If you abstained until marriage, was sex discussed beforehand?

Were promises made, then broken, by either of you?


----------



## She'sStillGotIt

PurpleElephant said:


> He says he just wants to express how much he loves me.


I read this crap all the time, men wanting to have sex claiming they "just want to _show_ you how much they _love_ you."

But hey, they'll also take a blow job if you're too tired. :rofl: I'd be SO curious to know how a guy is _'showing me how much he loves me'_ when he's laying back with his eyes rolled up in the back of his head while I do all the work. Guess that's a mystery for the ages, kiddies.

This guy though, with the *ridiculous *stories that keep changing while he begs for blowjobs - right down to "I was molested and now I need sex 24/7." Good lord. He's acting desperate because you keep turning him down (obviously).

From the sounds of it, you might have post-partum depression. That could account for your non-existent drive. A mistake lots of women tend to make after they have babies is that they suddenly make their whole LIVES about being a mother and forget that they're women *FIRST*. Unless it's baby/family related in some way, they just aren't interested. Date nights, sex, going out for drinks, vacations alone, weekend get-aways, buying sexy lingerie and serving him up a candlelight dinner - none of that applies to you anymore because it's not family oriented. And THAT'S where you're making your mistake.

I agree that a doctor's visit should be mandatory. I'm not quite sure, however, what one needs to do to go back to being a woman FIRST and shedding the 24/7 'mom' persona. But in all seriousness - if you own a van, or one of those ugly Subarus, that's the first thing you need to get *rid* of on your way back to becoming a woman first.

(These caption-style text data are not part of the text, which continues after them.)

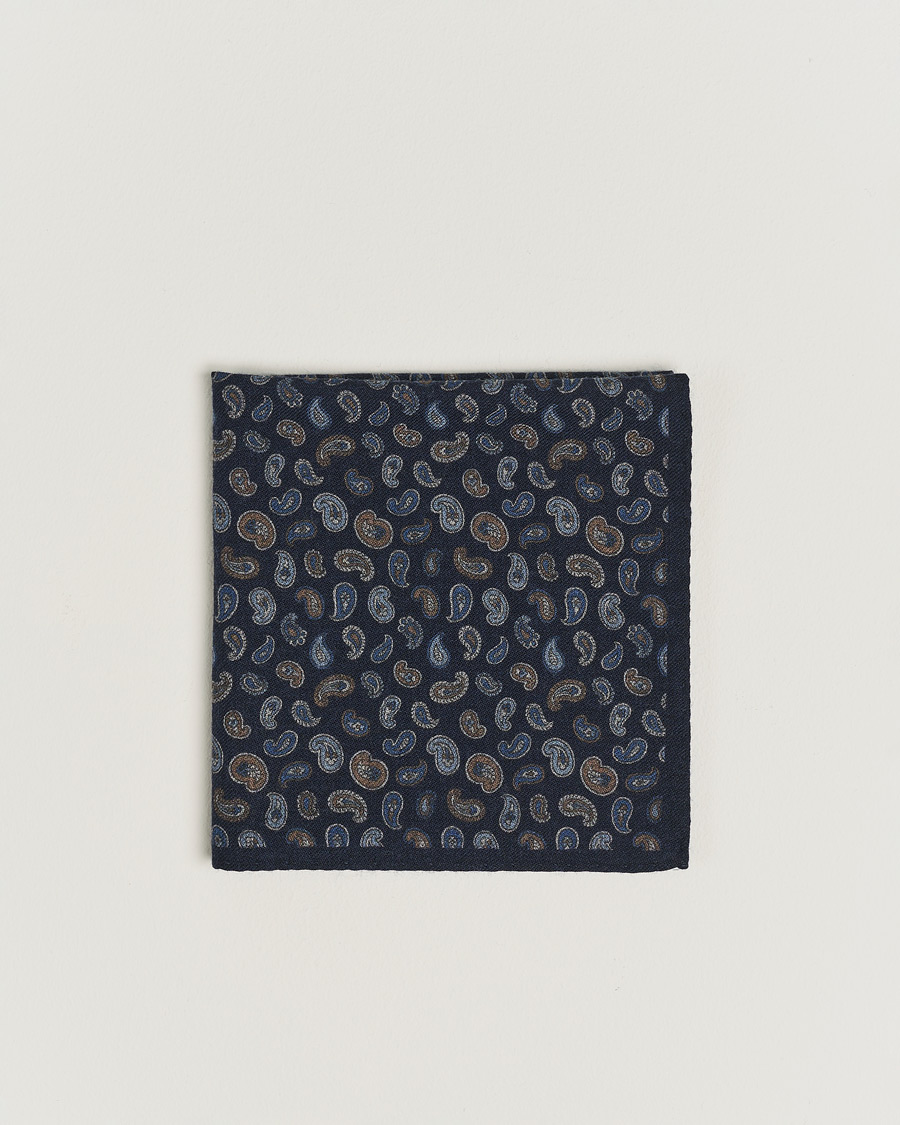 Herre | Amanda Christensen Wool Flannel Printed Paisley Pocket Square Navy | Amanda Christensen | Wool Flannel Printed Paisley Pocket Square Navy
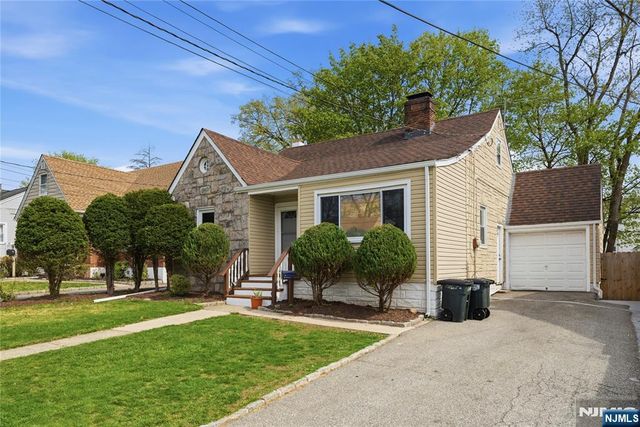 55 Huntting Drive, Dumont, NJ 07628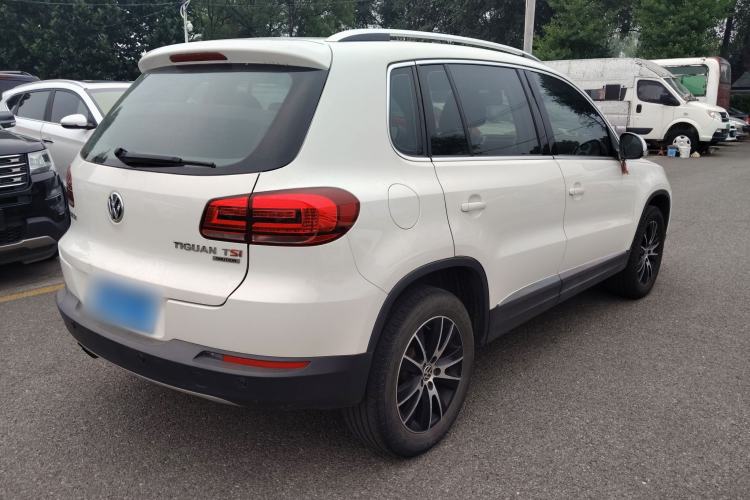 Used Volkswagen Tiguan 2015 1.8TSI Automatic All-Wheel-Drive Luxury Model Exterior 4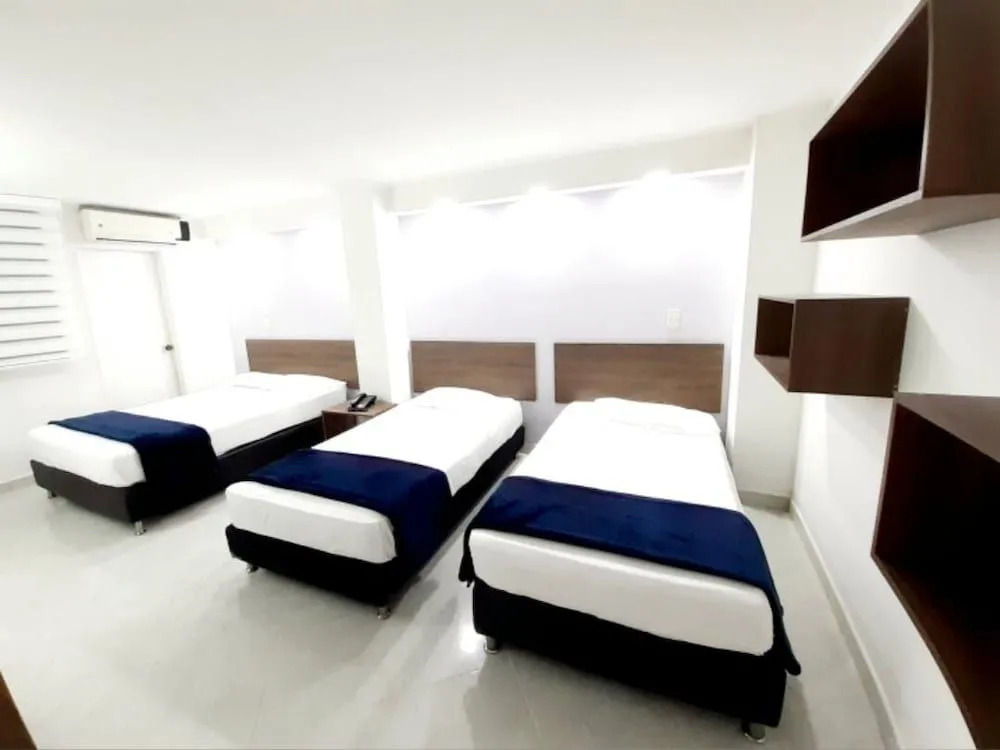 Hotel Santorini la 70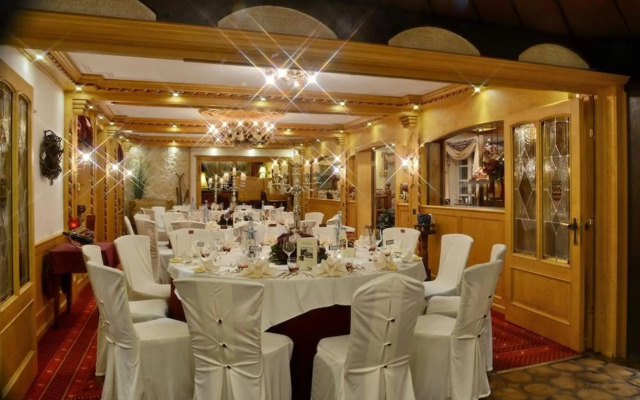 Hotel - Restaurant Feste Neustadt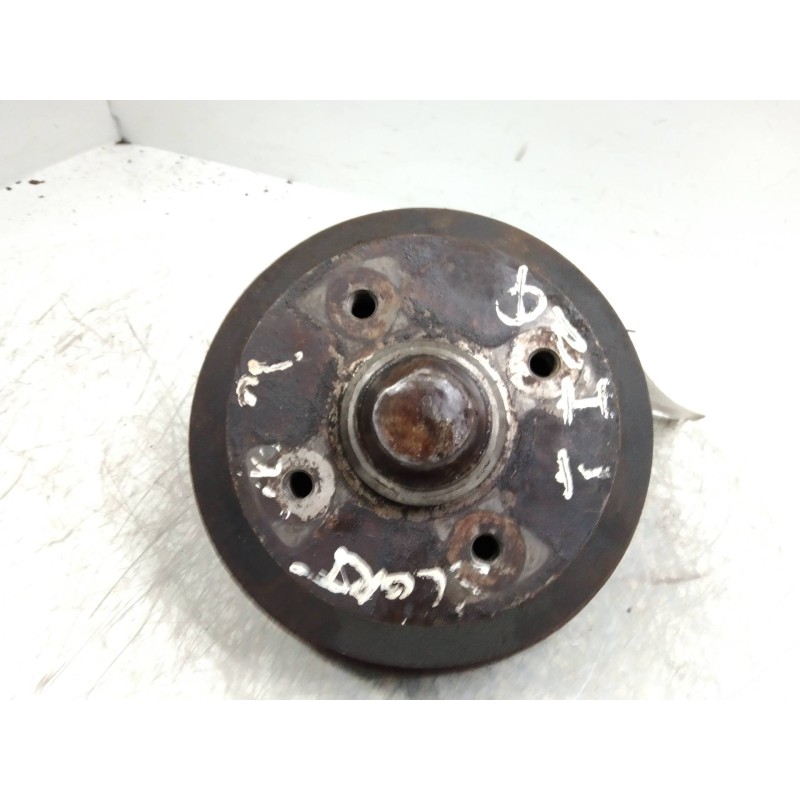 Recambio de mangueta trasera izquierda para ford escort berl./turn./cab./express 1.6 referencia OEM IAM   
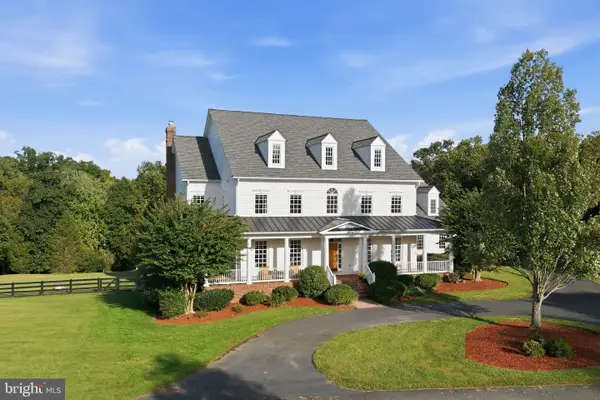 9606 Beach Mill Rd, GREAT FALLS, VA 22066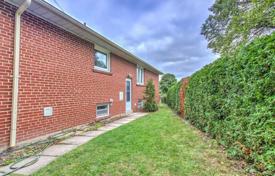 Townhome – North York, Toronto, Ontario,  Canada for C$2,181,000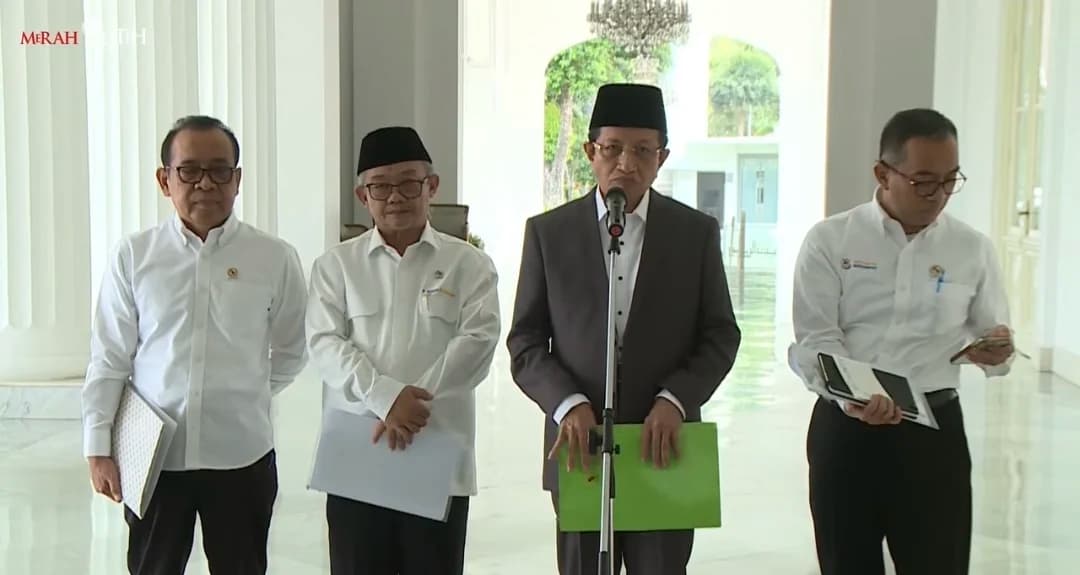 Menteri Agama, Nasaruddin Umar memberikan keterangan pers usai Ratas bersama Presiden Prabowo Subianto di Istana Negara. Menteri Agama, Nasaruddin Umar memberikan keterangan pers usai Ratas bersama Presiden Prabowo Subianto di Istana Negara.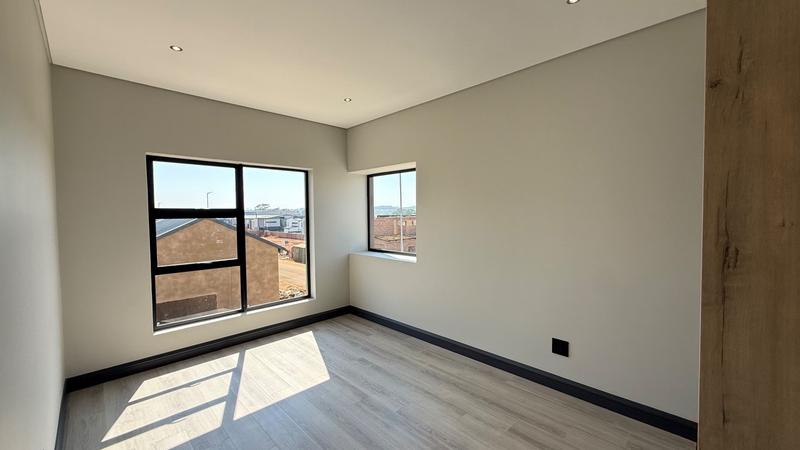 4 Bedroom Property for Sale in Fountainbrook Estate Gauteng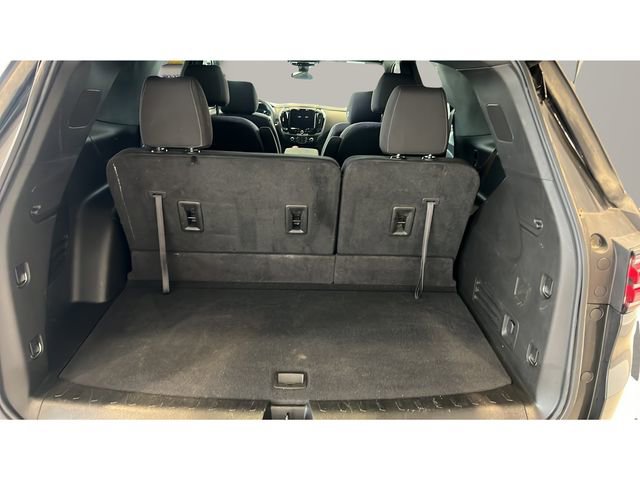 Used 2023 Chevrolet Traverse LT w/ LPO, Floor Liner Package image 32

Really. I'm not kidding.


----------



## SongoftheSouth

No 23 year old man wants to be celibate the rest of his life. You need not own a ouji board or visit a fortune teller to predict your future. I predict he will leave you for another woman or have an affair while you are still married and then leave. Don't need to be all broken out with brightness to see that coming.


----------



## skerzoid

Purple Elephant:

Did you tell your husband about this problem before you married him? Sex is a basic human need. Do you expect him to go without? 

Marriage vows = " To have and to hold, forsaking all others." I'm sorry to say, if you don't try to find a solution, your marriage won't last long and you will be a single mother.

There was an earlier thread where the opposite happened, with the husband became unable to perform and didn't do much to answer his wife's requests. Eventually got involved with another man in another country. 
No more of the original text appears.